The Militant(logo) 
    Vol.59/No.43           November 20, 1995 
 
 
25 And 50 Years Ago  

November 20, 1970
NEW YORK - Judge John M. Murtagh unexpectedly allowed the film "Battle of Algiers" to be entered as prosecution's evidence against 13 members of the Black Panther Party on trial here.

This was done by allowing the 12 jurors - among whom are seven Blacks and one Puerto Rican - to see the film in the afternoon session of the trial on November 9.

The 13 on trial are among 21 Panthers under a 30-count grand jury indictment, which charges that they conspired to blow up police stations, department stores, and - of all places - the New York Botanical Gardens in the Bronx. The indicted Panthers were seized in predawn raids April 2, 1969.

Assistant district attorney Joseph Phillips sought to enter the film as evidence on the basis of a statement by a Black police agent that the film was "mandatory" for all Panther Party members.

The agent, detective Ralph White, testified that Lumumba Abdul Shakur, one of the defendants, told a political education class that they were required to see "Battle of Algiers." After White saw it he went to Shakur's apartment. He testified hearing Shakur state that the tactics used by the Algerians would be used by the Panthers against the pigs (police).

November 17, 1945
British warships and planes on November 10 began blasting the city of Soerabaja, after fighters for the freedom of Indonesia turned down an Allied ultimatum to give up their arms and deliver their leaders to the tender mercies of the imperialist butchers. More than 500,000 civilians in Soerabaja were under the fire of the Allied apostles of "democracy" and "freedom from fear."

The American imperialists are backing the British. Truman maintained a contemptuous silence to the protests of the Republic of Indonesia against British and Dutch use of American-made uniforms, arms and ammunition.
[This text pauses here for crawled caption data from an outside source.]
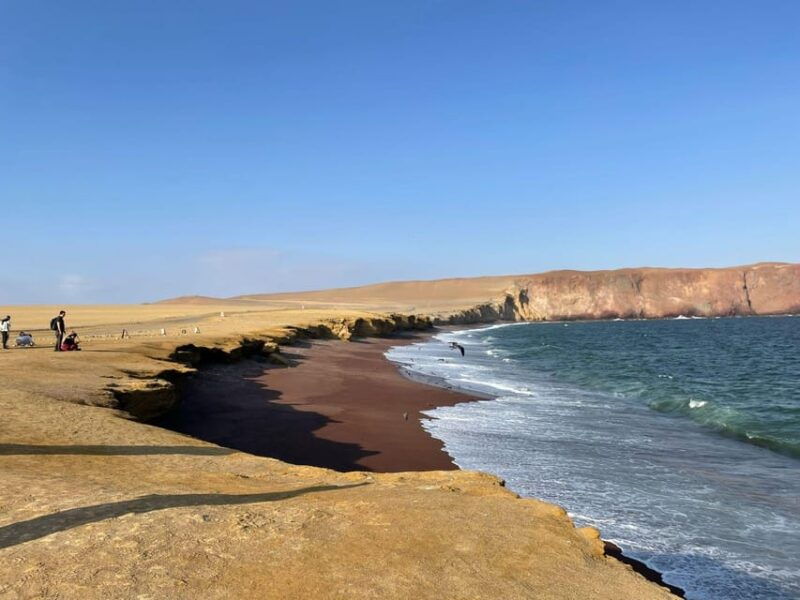 full-day-paracas-ica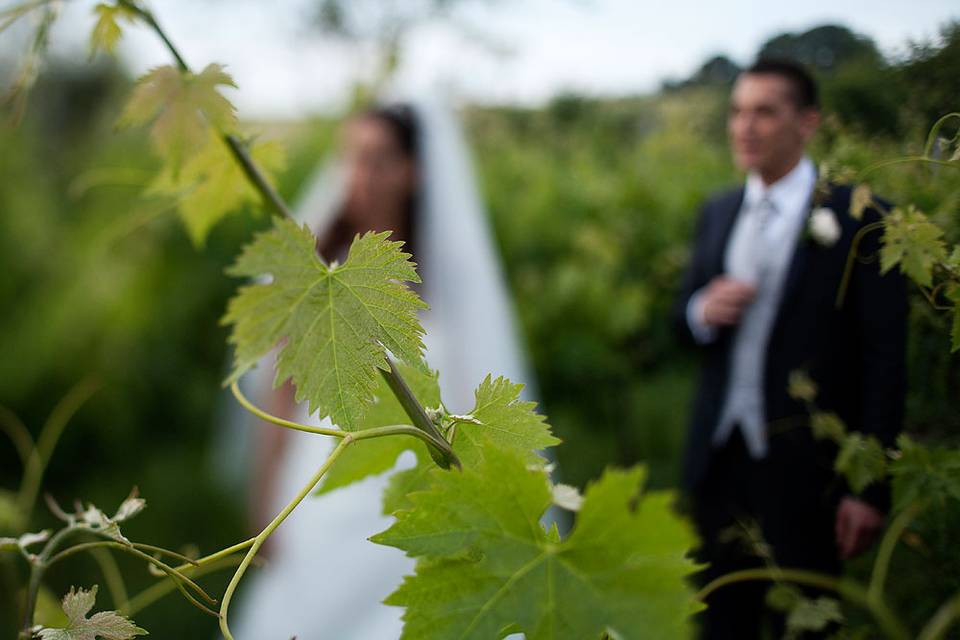 Gianluca Rossetti Photo
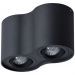 Потолочный светильник Arte Lamp Falcon A5645PL-2BK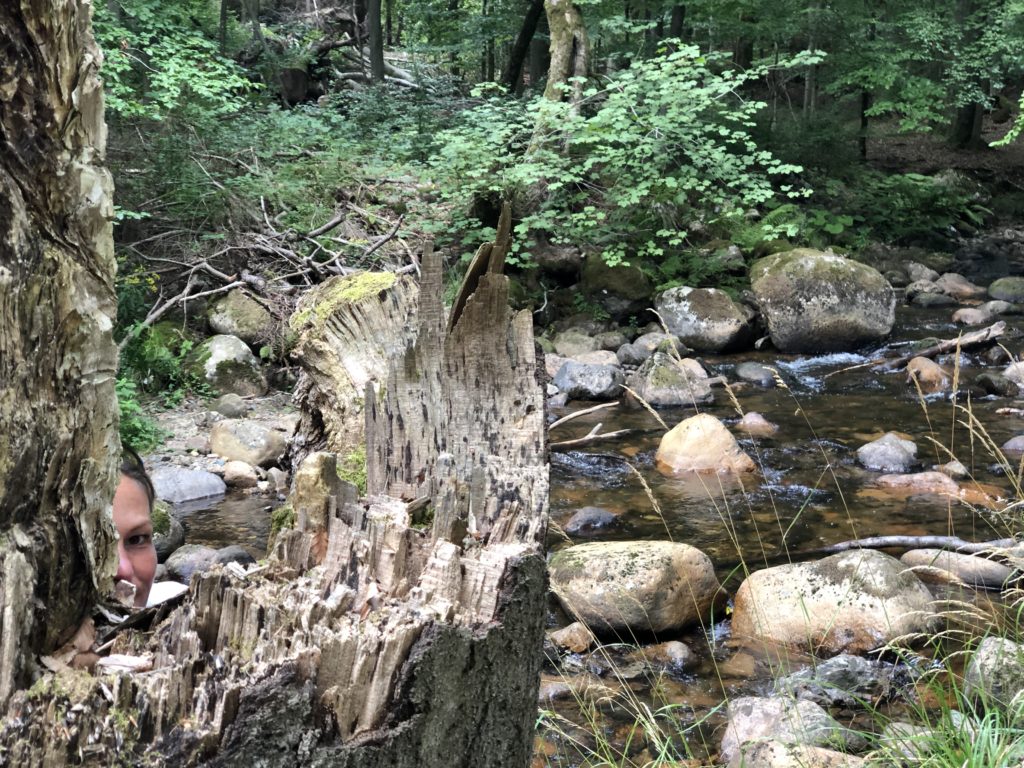 Wandern im Harz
Meanwhile the role of Soekarno, head of the newly-formed Republic of Indonesia, became more equivocal. Instead of rallying the people of Java to a life and death struggle against the savage foreign invaders, he continued to follow a policy of appeasement. He even made a bid to the Dutch, offering them "preferential rights."

A youth rally at Jogakarta, which Soekarno was addressing, is said to have broken up when news of the British bombardment of Soerabaja was received. Reinforcements hurried toward Soerabaja. Nationalist leaders whose names were not reported, called for a nationwide uprising, declaring: "It is better to perish than to come again under foreign domination."